DEMONSTRATION OF TECHNICAL PROFICIENCY: The laboratory has successfully demonstrated proficiency. Historical control data is included in the report.

ACCEPTANCE OF RESULTS:
- Acceptance criteria met for negative control: yes
- Acceptance criteria met for positive control: yes

Any other information on results incl. tables

Table 1: Results

		Tissue 1	Tissue 2	mean	Intertissue variability (%)
negative control (NC)	mean OD570	1,847	1,785	1,816
	viability [% of NC]	101.7	98,3	100	3,4
test substance	mean OD570	1,641	1,714	1,678
	viability [% of NC]	90,4	94,4	92,4	4,0
positive control	mean OD570	0,283	0,282	0,283
	viability [% of NC]	15,6	15,5	15,6	0

Applicant's summary and conclusion

Interpretation of results:

GHS criteria not met

Conclusions:

The mean viability of the substance of 92.4% is above the threshold of 60% given for irritants in OECD TG 492. Therefore, the substance is evaluated as non-irritating according to GHS criteria.

Executive summary:

The potential of Resin acids and Rosin acids, aluminium salts to cause ocular irritation was assessed by a single topical application of ca. 50 µL bulk volume (about 13 mg) of the undiluted test substance to a reconstructed three-dimensional human cornea model (EpiOcular™).

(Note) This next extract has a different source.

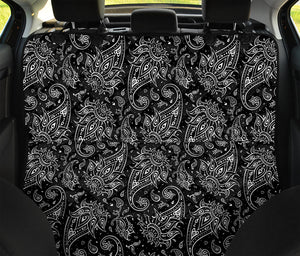 White And Black Paisley Pattern Print Pet Car Back Seat Cover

Two EpiOcular™ tissues were incubated with the test substance for 6 hours followed by an 18-hour post-incubation period.

 

Tissue destruction was determined by measuring the metabolic activity of the tissues after exposure/post-incubation by using a colorimetric test. The reduction of mitochondrial dehydrogenase activity measured by reduced formazan production after incubation with a tetrazolium salt (MTT) was chosen as endpoint. The formazan production of the epidermal tissues treated with the test substance is compared to that of negative control tissues. The ratio of the values indicates the relative tissue viability.

 

The test substance is not able to directly reduce MTT directly. The mean viability of the tissues treated with the test substance was 92.4%. Based on the results observed and by applying the evaluation criteria it was concluded that Resin acids and Rosin acids, aluminium salts does not show an eye irritation potential in the in vitro EpiOcular™ eye irritation test under the test conditions chosen.